Data block:
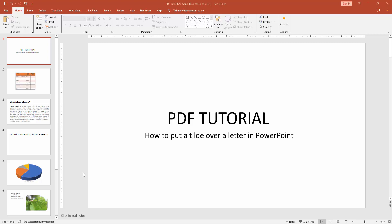Asalaamu Alaikum. Hello friends, how are you? Welcome back to my another video. In this video, I am going to show you how to put a tilde over a letter in PowerPoint. Let's get started.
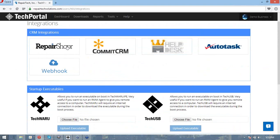let's say I'm using RepairShopper and I make ticket 123. I can then use either TechWaru or TechUSB and have that same ticket number, and if I upload a report to TechPortal, it will then sync that report over with my CRM.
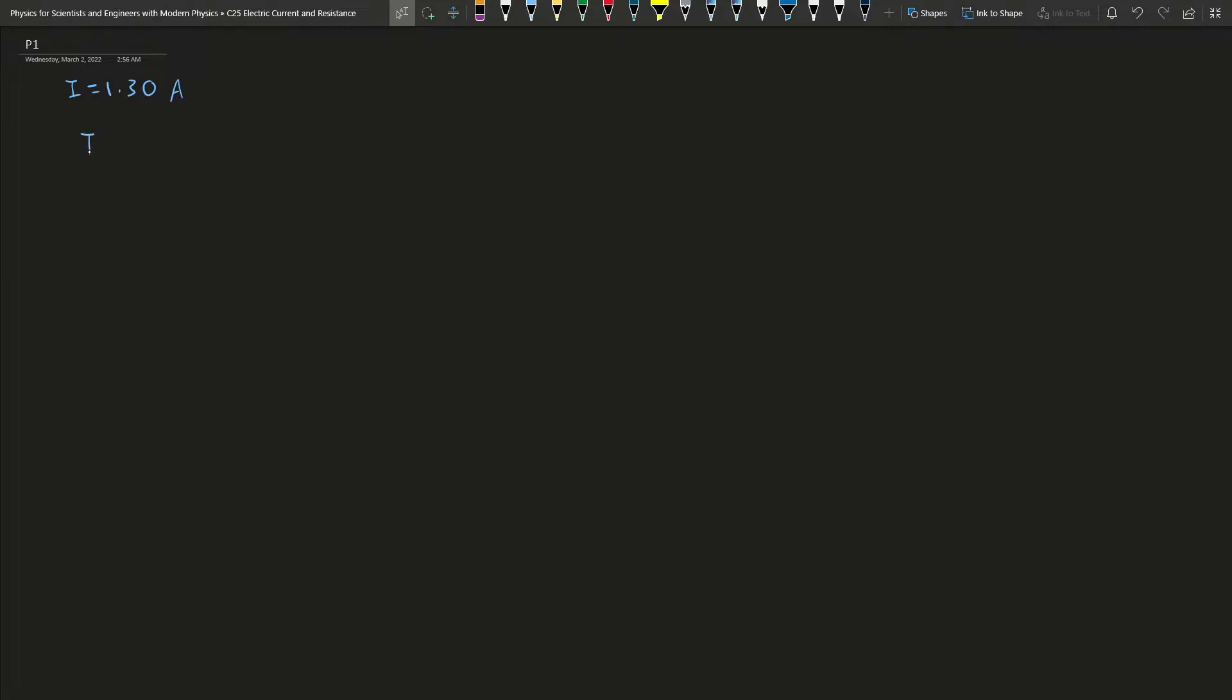So I is equals to NE over T, this is equals to N. This is the number of electrons and the E is the charge on each electron.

What is being asked: What you return should be the full listing, unchanged, minus the pictures.

Problem solution:
Asalaamu Alaikum. Hello friends, how are you? Welcome back to my another video. In this video, I am going to show you how to put a tilde over a letter in PowerPoint. Let's get started.
let's say I'm using RepairShopper and I make ticket 123. I can then use either TechWaru or TechUSB and have that same ticket number, and if I upload a report to TechPortal, it will then sync that report over with my CRM.
So I is equals to NE over T, this is equals to N. This is the number of electrons and the E is the charge on each electron.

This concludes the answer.